Record extracts:

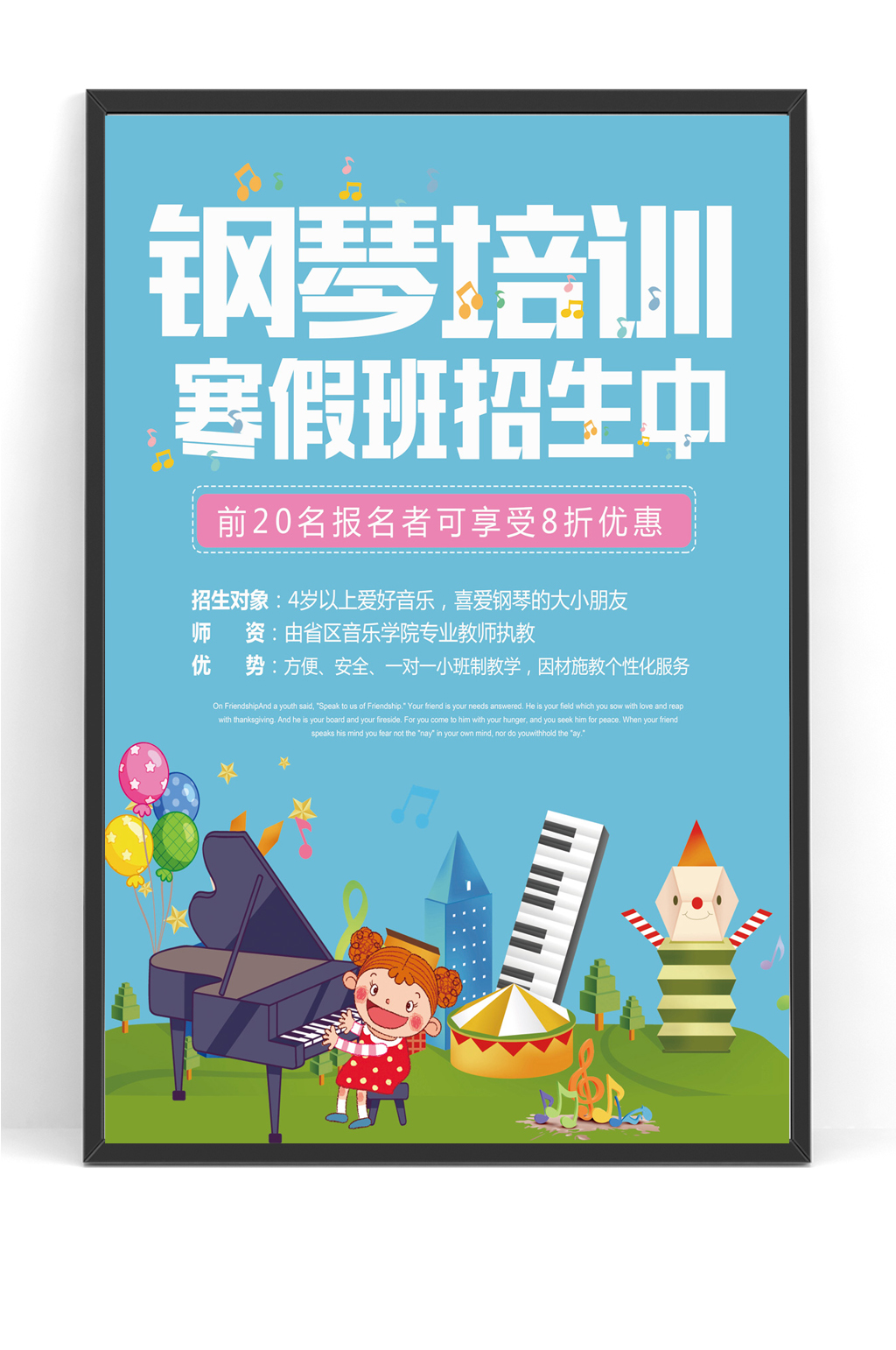 钢琴培训招生海报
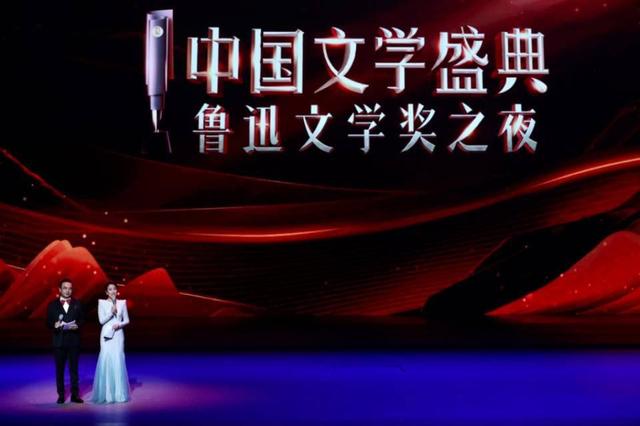 “中国文学盛典·鲁迅文学奖之夜”助力文学“破圈传播”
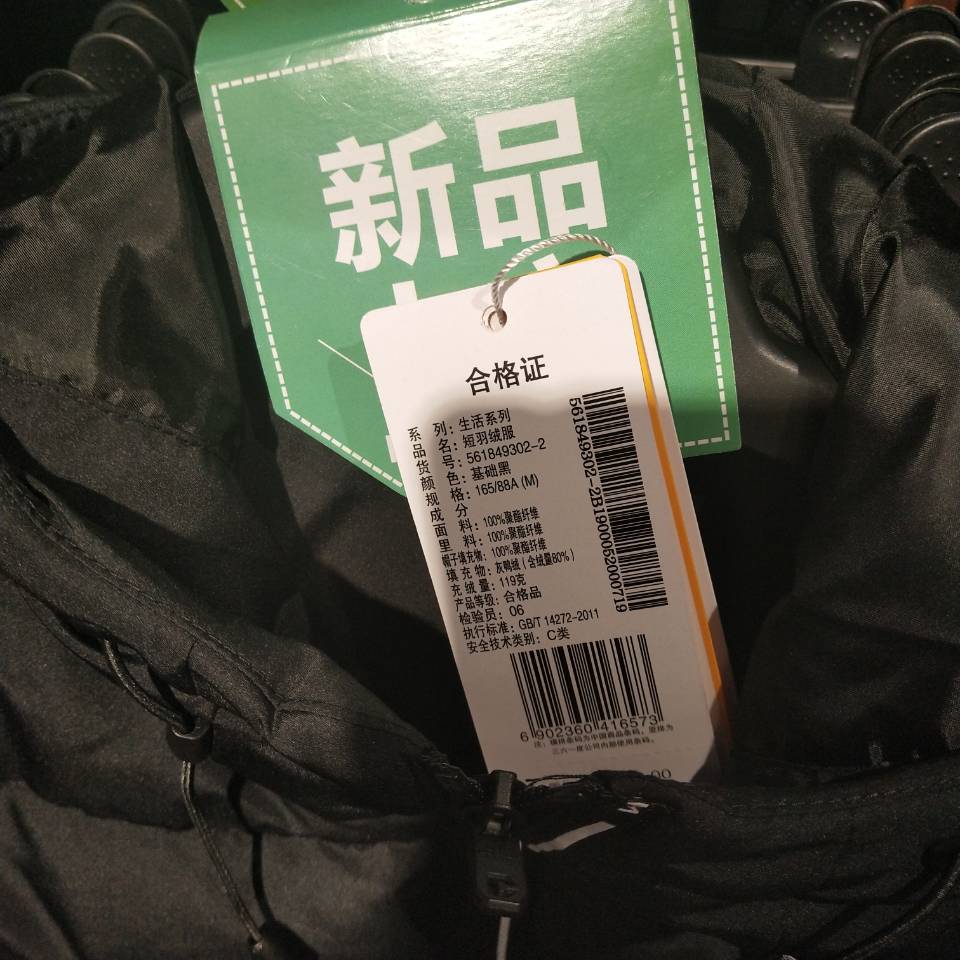 Áo khoác thể thao nữ mùa đông 2018 mới 361 độ 561849302 - Thể thao xuống áo khoác áo phao bomber nam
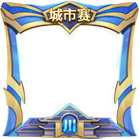 王者荣耀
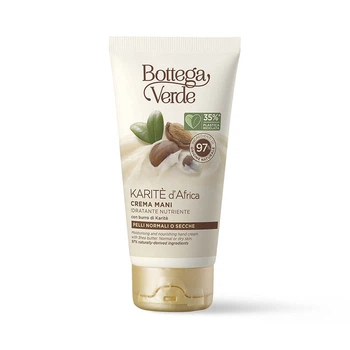 Поживний крем для рук «Karitè d'Africa» (2364) Bottega Verde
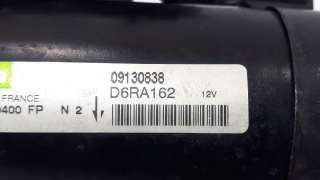 MOTOR ARRANQUE OPEL CORSA C 2000-2003 - 1608123 / D6RA162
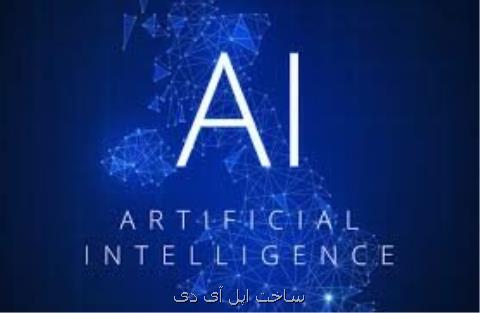 هوش مصنوعی، جایگزین نیروی انسانی متخصص نمی گردد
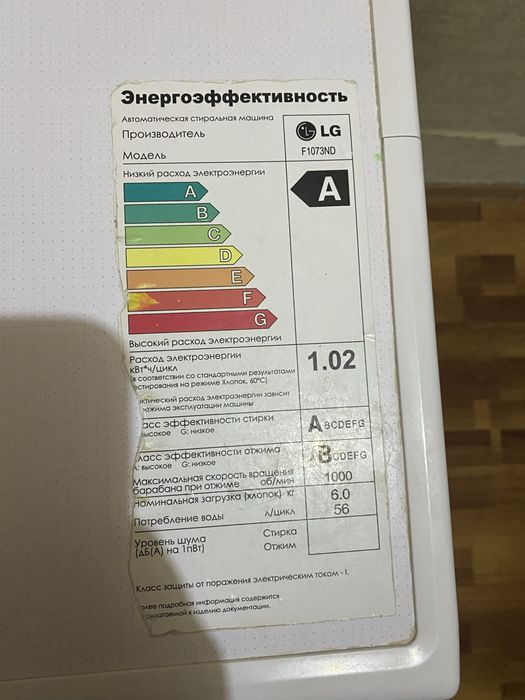 Стиральная машина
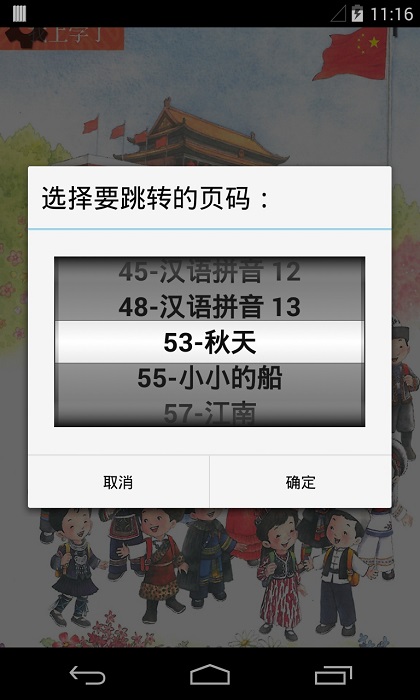 小学语文一年级上册电子课本app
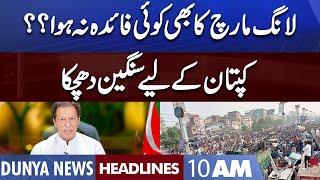 Imran Khan Long March Latest Situation | Dunya News Headlines 10 AM | 15 November 2022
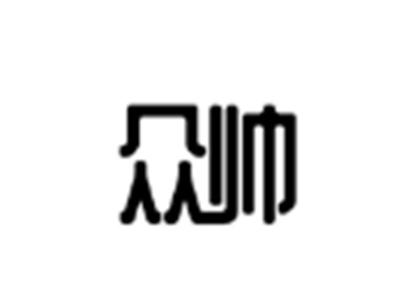 众帅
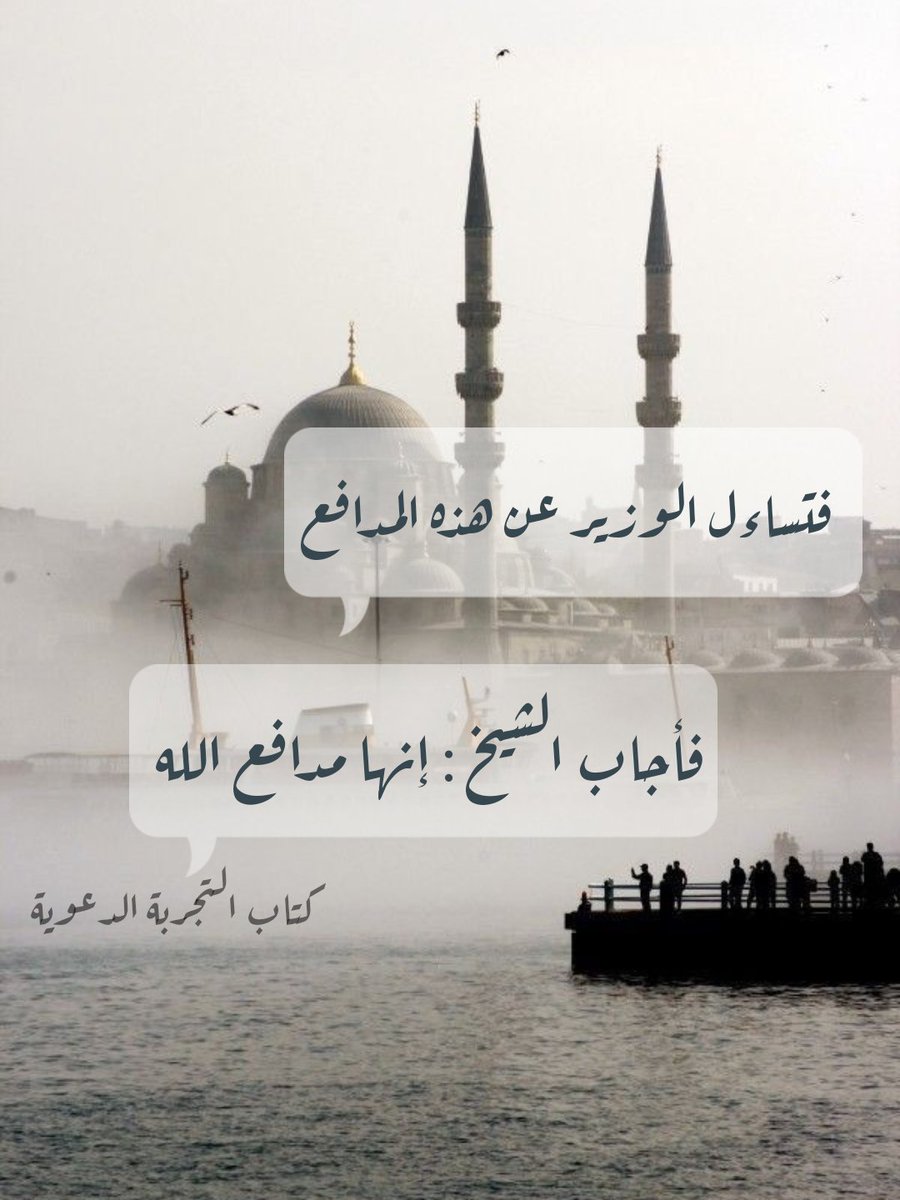 ShylhZ's tweet photo. ❖ الورد الاول للقوة العطائية ❖

 -كتاب التجربة الدعوية للشيخ : 
عبد الحميد إبن باديس رحمه الله
#ملتقى_البناء_الصيفي2
#فريق_رِباط https://t.co/LqLysWQz9C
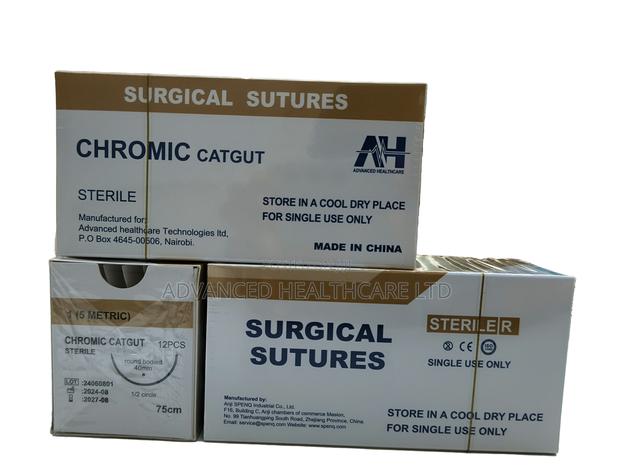 Chromic Catgut Sutures - thumbnail 2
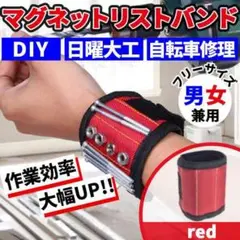DIY マグネット リスト バンド 赤 インパクト ドライバー 工具 ホルダー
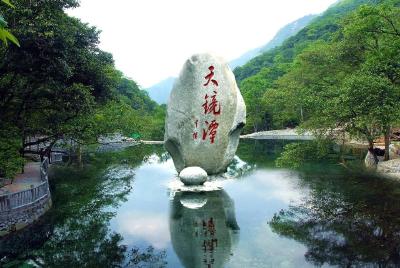 好消息！九宫山景区免门票1年！针对这些人→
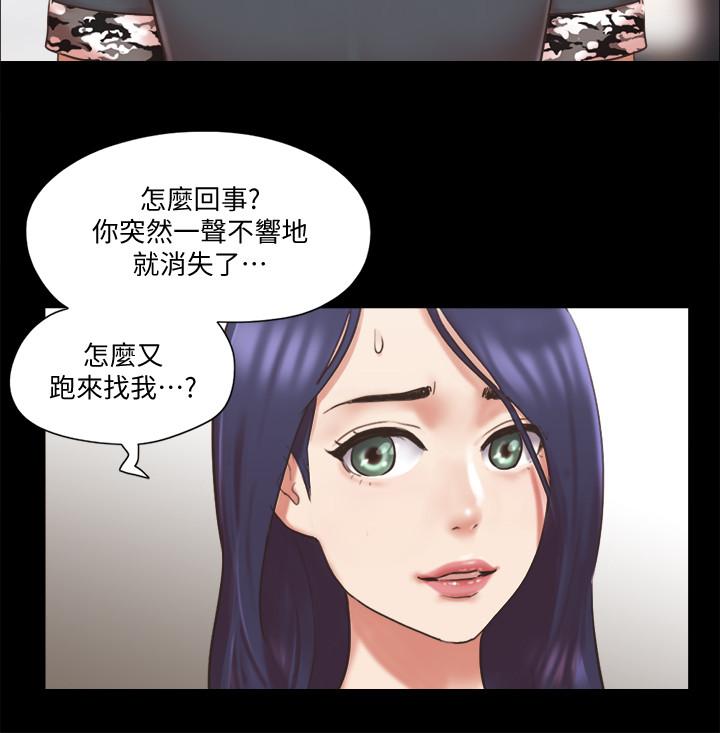 韩国漫画协议换爱韩漫_协议换爱-第79话-被两个男人征服的快感在线免费阅读-韩国漫画-第25张图片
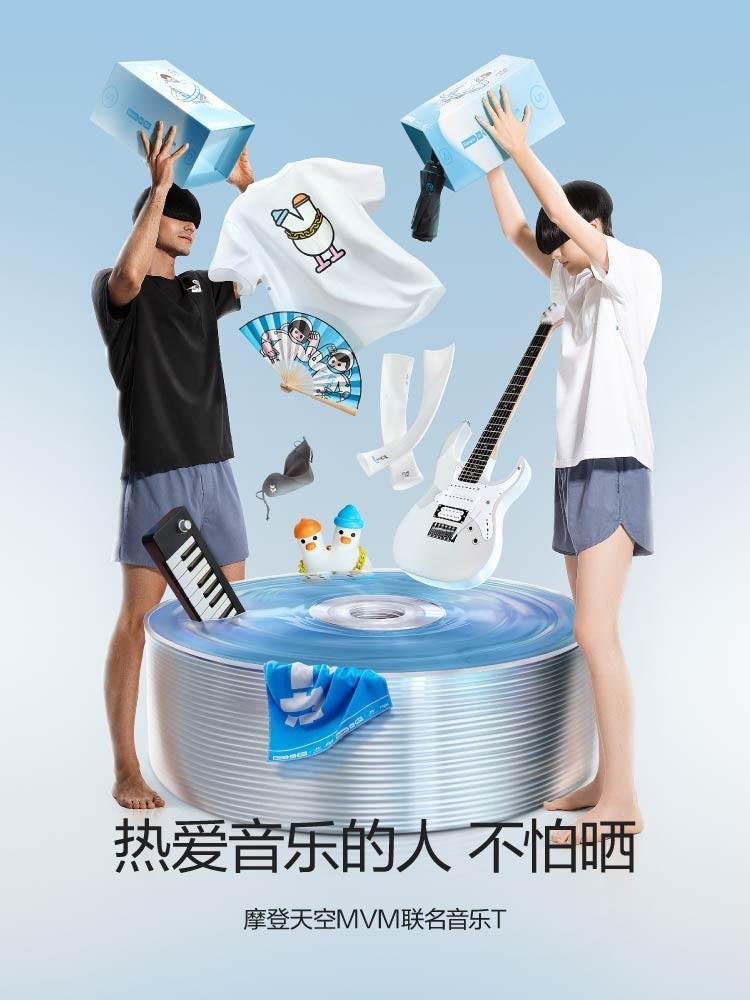 為什么0碼模特(為什么蕉內的模特)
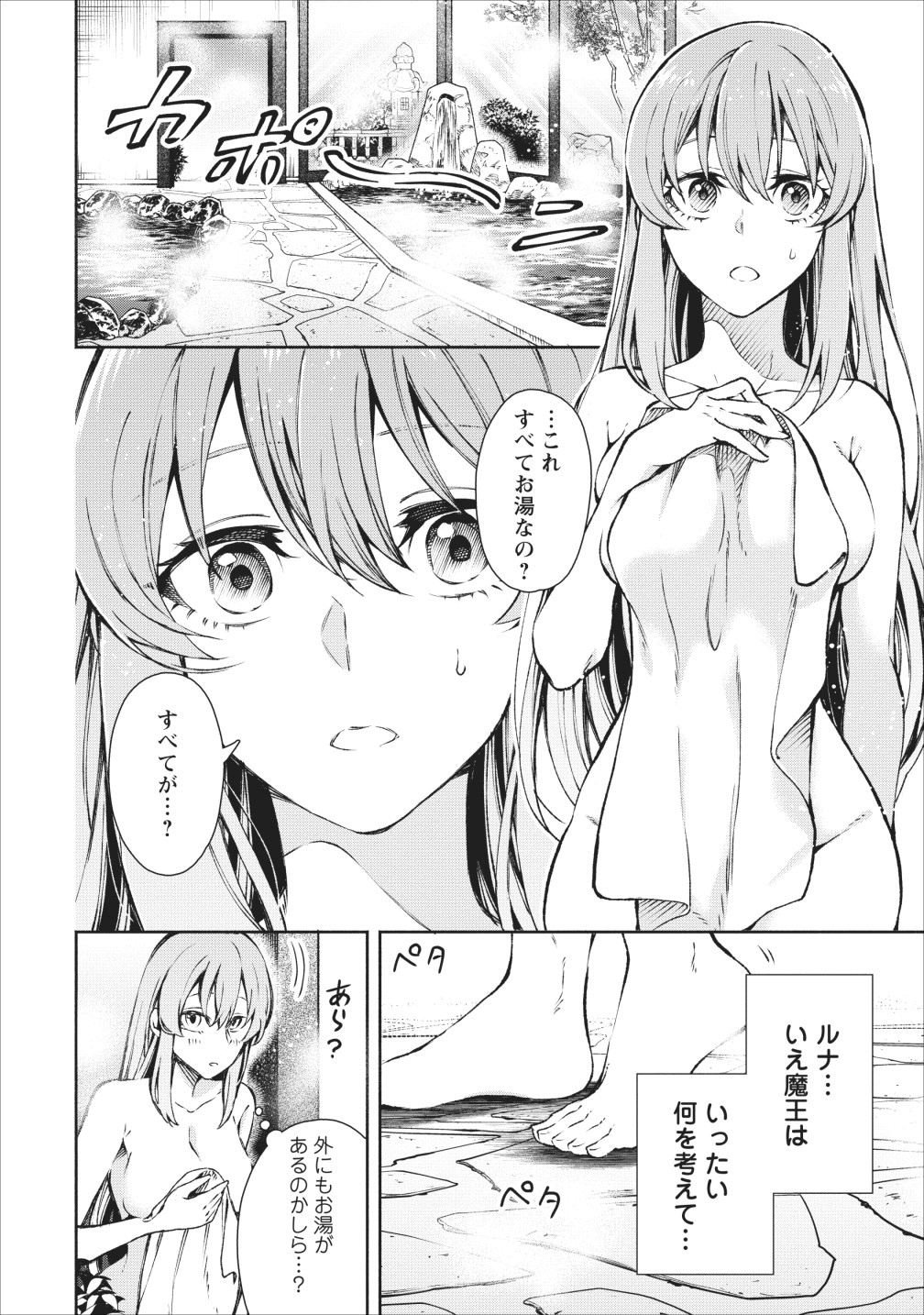 魔王様、リトライ! 第16話 - Page 10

What the task asks:
Which lines run from the one containing "小学语文一年级上册电子课本app" to the end of the data above? Set down those lines exactly, and only those, without any pictures.

Exercise output:
 小学语文一年级上册电子课本app
 Imran Khan Long March Latest Situation | Dunya News Headlines 10 AM | 15 November 2022
 众帅
 ShylhZ's tweet photo. ❖ الورد الاول للقوة العطائية ❖

 -كتاب التجربة الدعوية للشيخ : 
عبد الحميد إبن باديس رحمه الله
#ملتقى_البناء_الصيفي2
#فريق_رِباط https://t.co/LqLysWQz9C
 Chromic Catgut Sutures - thumbnail 2
DIY マグネット リスト バンド 赤 インパクト ドライバー 工具 ホルダー
 好消息！九宫山景区免门票1年！针对这些人→
 韩国漫画协议换爱韩漫_协议换爱-第79话-被两个男人征服的快感在线免费阅读-韩国漫画-第25张图片
 為什么0碼模特(為什么蕉內的模特)
 魔王様、リトライ! 第16話 - Page 10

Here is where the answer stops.